What is needed ::
Only the lines from the start of the data below through the line that contains "Fotobehang van een" are to be copied, exactly and without pictures.

Supplied records ::
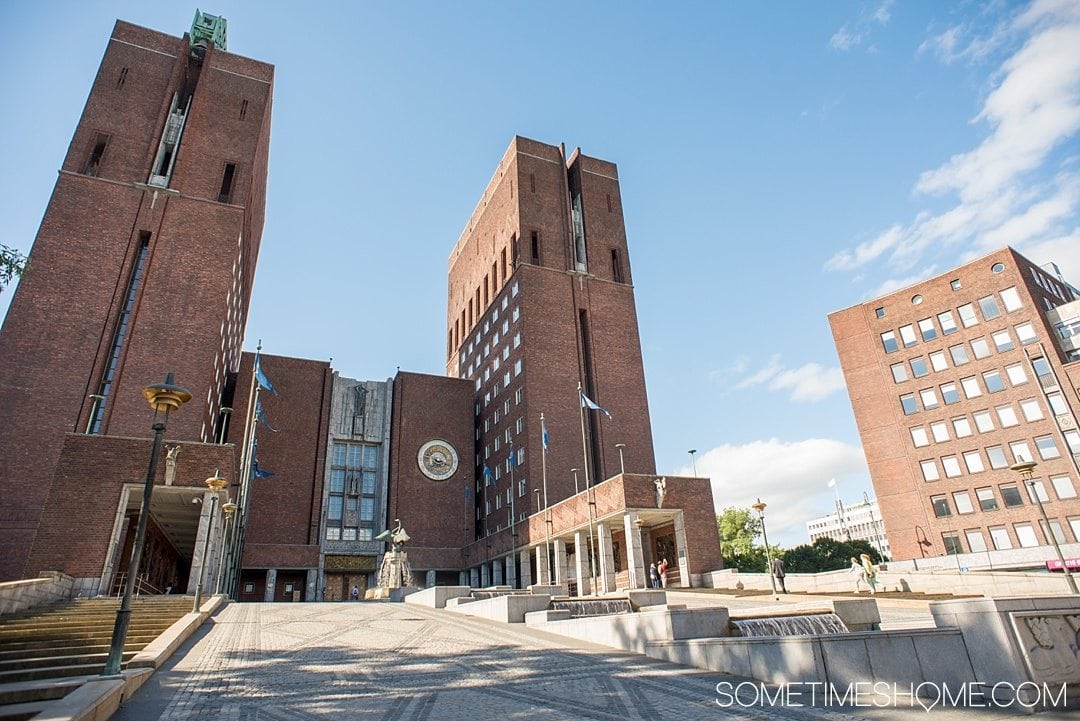 10 Not-to-Miss Sites in Oslo Norway by Sometimes Home travel blog. Photo of the brick exterior of Oslo Radhus, City Hall.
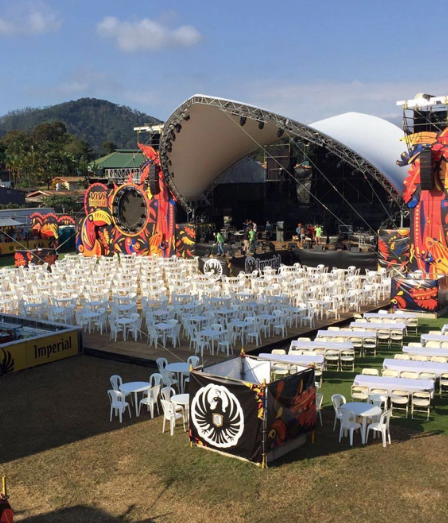 Large clear-span festival tent structure set up for outdoor concerts and live events.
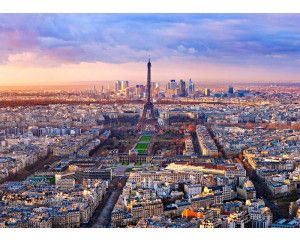 Fotobehang van een zonsondergang in Parijs met de Eiffeltoren.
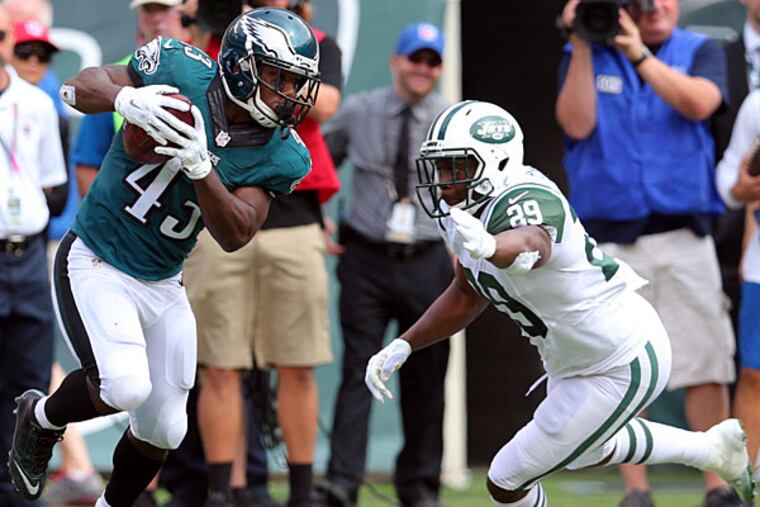 Philadelphia Eagles running back Darren Sproles (43) returns a punt for a touchdown past New York Jets running back Bilal Powell (29) during the second quarter at MetLife Stadium.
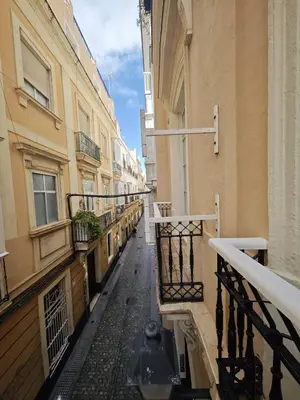 an empty alley between two buildings with a balcony at El Rincón de Ro Little Apartments in Cádiz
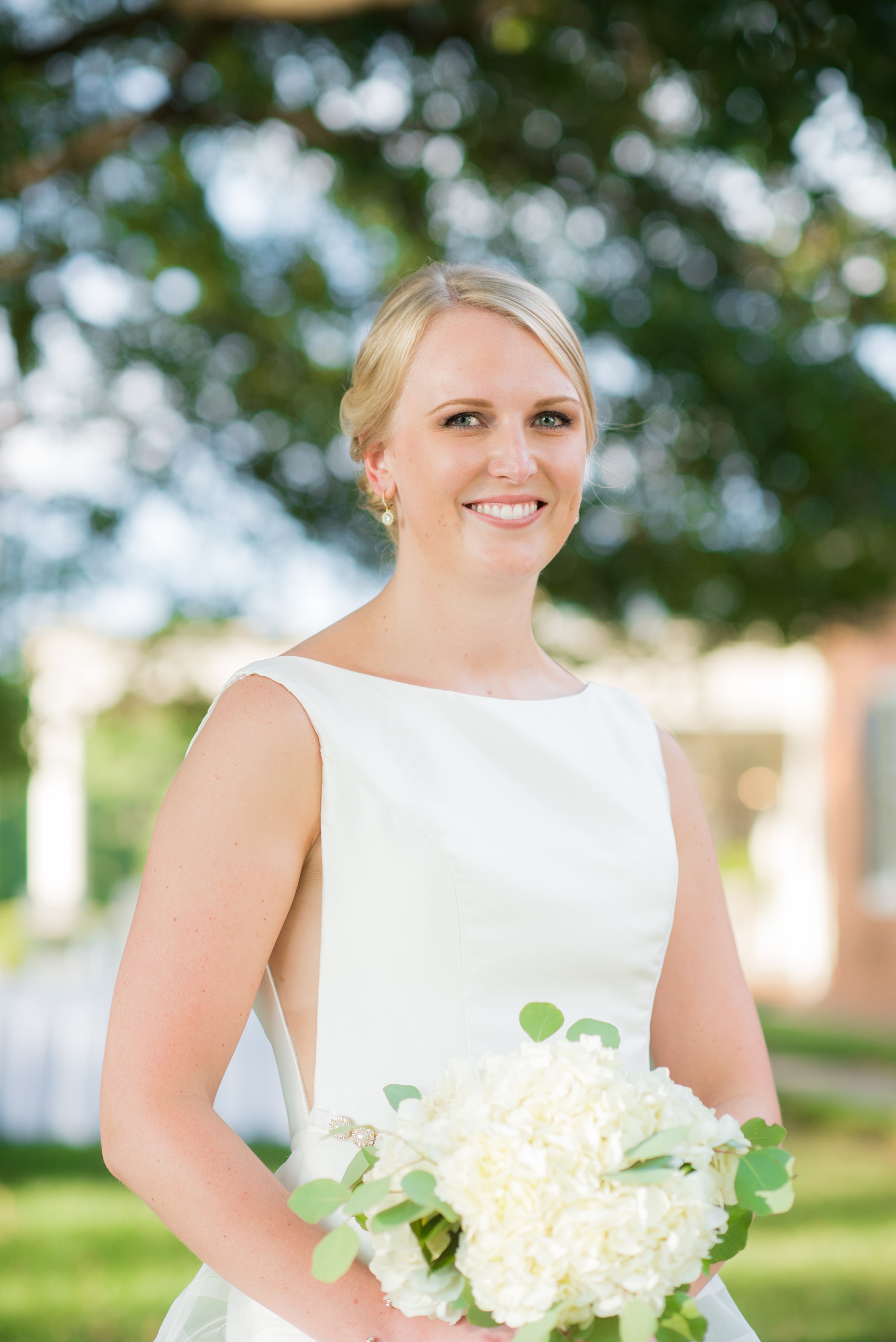 Pictures by Mikkel Paige Photography of a wedding in Durham, North Carolina. The bride carried hydrangea flowers for the garden-like golf course photos with her groom, who wore a grey suit. Her low-back gown and up-do hair twists were beautiful! Click through to the website post for complete details and more inspiration! #durhamNC #northcarolinawedding #golfcoursewedding #CountryClub #DurhamWedding #summerwedding #weddinggown #lowbackweddinggown #brideandgroom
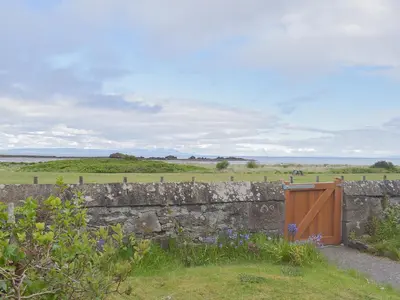 a stone wall with a wooden gate and a field at Ardlochan Cottage in Maidens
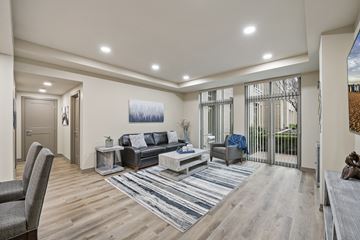 Salt Lake City apartment for rent - A modern living room with a grey sofa and a wooden floor.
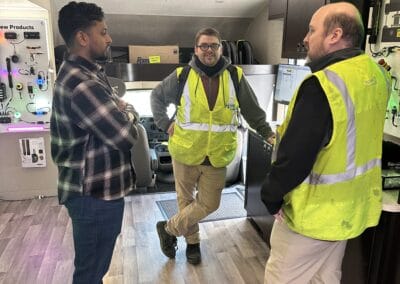 Gallery 25 Three men in safety vests having a discussion inside an electronics store or office.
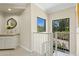 Hallway with exterior views, counter and round mirror at 6467 E Sierra Vista Dr, Paradise Valley, AZ 85253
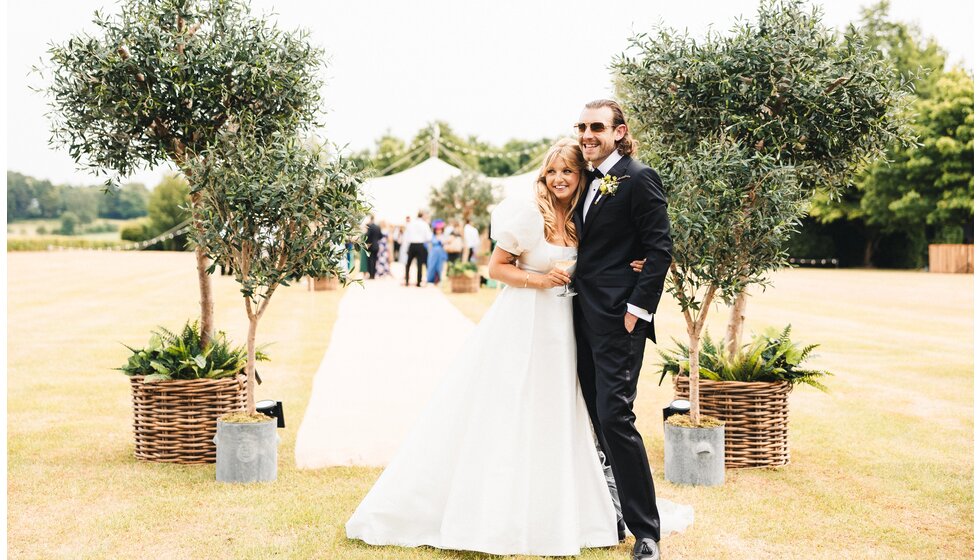 Whimsical Tuscan-Inspired Wedding in Hampshire | Bride and groom outside their beautiful wedding marquee in Hampshire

Response to this task ::
 10 Not-to-Miss Sites in Oslo Norway by Sometimes Home travel blog. Photo of the brick exterior of Oslo Radhus, City Hall.
 Large clear-span festival tent structure set up for outdoor concerts and live events.
 Fotobehang van een zonsondergang in Parijs met de Eiffeltoren.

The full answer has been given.